Pantheon: Will of the Gods is a persistent multiplayer casual grand strategy game where players compete across a shared world map over the course of days or weeks. The core experience is asynchronous: there are no timers demanding constant attention, no push notifications nagging players back into the game. Instead, players engage with Pantheon on their own schedule, logging in when convenient to take their actions, plan their moves, and watch the world shift in response. The game fits around players' lives, not the other way around.

What makes Pantheon distinct is the presence of the gods. Each player serves a god (or gods) drafted at the start of the game, and those deities actively shape the strategic landscape. A god might bless a player's territories, curse an enemy, intervene directly in warfare, or trigger world events that reshape the map. No two games feel the same because no two divine rosters are the same, and the gods ensure that every playthrough tells a different story.

Design Pillars
Replayability through god drafting

No two games play out the same way. The divine drafting system — where players select or are assigned gods with distinct favor mechanics and intervention abilities — ensures that each playthrough has a unique strategic identity. The gods are the variable that makes the game replayable.

Passive, async pacing

Players engage on their own schedule without being pressured. There are no timers, no push notifications, no artificial urgency. A round might run for hours, but a player can check in once and submit their actions whenever suits them. This is fundamental to Pantheon's casual design.

Emergent narrative

World events, god interventions, and player choices combine to tell a different story every game. The interaction between multiple players' decisions, the gods' will, and the world itself creates narratives that nobody fully controls — they emerge from the system.

Strategic flexibility

The game nudges players out of their comfort zones without forcing them. Divine abilities, world events, and game mechanics encourage experimentation, but players always retain meaningful choice in how they respond and adapt.

Always in the game

No player elimination. Everyone remains relevant and able to influence the outcome until the final round. Even a player who has lost military ground can pivot through diplomacy, recover with divine aid, or shift to a different victory path.

Title + Naming

The working title is Pantheon: Will of the Gods. "Pantheon" functions as a clean, memorable standalone title — players casually calling it "Pantheon" is intentional and desirable. The subtitle contextualizes the divine theme and clarifies that this is a game about the will of multiple gods, not the worship of a single deity. Together, the title and subtitle form the complete brand identity.

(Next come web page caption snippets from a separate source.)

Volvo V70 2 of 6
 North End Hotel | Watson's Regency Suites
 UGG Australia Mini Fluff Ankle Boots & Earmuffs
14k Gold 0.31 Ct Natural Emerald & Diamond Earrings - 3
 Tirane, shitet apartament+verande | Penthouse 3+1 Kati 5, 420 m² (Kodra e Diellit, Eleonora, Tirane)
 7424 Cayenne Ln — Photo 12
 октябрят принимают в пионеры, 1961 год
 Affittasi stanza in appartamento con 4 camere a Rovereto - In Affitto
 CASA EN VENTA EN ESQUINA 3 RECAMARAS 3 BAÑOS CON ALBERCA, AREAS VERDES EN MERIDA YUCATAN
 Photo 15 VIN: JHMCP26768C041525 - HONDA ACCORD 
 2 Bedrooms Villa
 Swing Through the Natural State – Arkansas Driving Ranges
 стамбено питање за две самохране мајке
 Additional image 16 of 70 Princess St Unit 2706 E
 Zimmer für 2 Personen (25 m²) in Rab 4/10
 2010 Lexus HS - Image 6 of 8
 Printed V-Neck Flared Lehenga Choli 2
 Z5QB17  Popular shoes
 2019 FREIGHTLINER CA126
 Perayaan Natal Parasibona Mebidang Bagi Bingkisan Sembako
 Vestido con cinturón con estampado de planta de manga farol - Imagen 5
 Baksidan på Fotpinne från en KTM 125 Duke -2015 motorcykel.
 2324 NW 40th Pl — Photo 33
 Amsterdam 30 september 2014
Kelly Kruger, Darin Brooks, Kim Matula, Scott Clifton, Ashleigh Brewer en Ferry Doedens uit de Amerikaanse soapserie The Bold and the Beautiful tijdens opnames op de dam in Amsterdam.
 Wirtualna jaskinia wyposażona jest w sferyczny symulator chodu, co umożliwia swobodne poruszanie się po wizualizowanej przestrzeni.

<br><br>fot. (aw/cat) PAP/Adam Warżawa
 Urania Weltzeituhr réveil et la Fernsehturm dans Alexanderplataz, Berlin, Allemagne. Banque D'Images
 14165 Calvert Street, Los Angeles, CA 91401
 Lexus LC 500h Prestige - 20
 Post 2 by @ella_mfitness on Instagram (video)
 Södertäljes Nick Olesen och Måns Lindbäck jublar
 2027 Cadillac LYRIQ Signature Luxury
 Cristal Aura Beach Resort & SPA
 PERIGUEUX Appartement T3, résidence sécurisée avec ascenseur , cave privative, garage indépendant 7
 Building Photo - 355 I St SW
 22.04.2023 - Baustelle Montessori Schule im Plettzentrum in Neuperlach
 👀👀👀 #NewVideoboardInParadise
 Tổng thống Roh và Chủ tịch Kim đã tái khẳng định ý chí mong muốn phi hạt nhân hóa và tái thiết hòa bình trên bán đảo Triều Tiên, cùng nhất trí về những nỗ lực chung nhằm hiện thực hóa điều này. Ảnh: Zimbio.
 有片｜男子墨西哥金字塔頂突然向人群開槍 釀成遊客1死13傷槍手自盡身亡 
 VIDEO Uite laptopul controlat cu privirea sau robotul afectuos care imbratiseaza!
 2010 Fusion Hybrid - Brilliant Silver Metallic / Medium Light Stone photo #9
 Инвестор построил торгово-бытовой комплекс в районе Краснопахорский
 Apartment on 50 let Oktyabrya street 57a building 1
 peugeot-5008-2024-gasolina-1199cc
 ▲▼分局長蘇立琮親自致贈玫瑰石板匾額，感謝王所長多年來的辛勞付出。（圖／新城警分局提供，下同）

Alternate Titles (Reserved)

Three alternates are held in reserve for future consideration:

Dawnreign — A strong standalone title with a subtle nod to slow-burn pacing and the emergence of something new. It reads well alone and could work as a rebrand if player testing suggests a shift away from the divine framing.

Godsreign — Direct and thematic. Its viability depends on how central the gods feel to players in testing. If divine intervention and god abilities dominate the experience, this could be the right title.

Godsend — Kept in reserve. It may suit an in-game mechanic, event name, or expansion better than a primary title, but it remains a strong alternative if the brand identity needs to shift.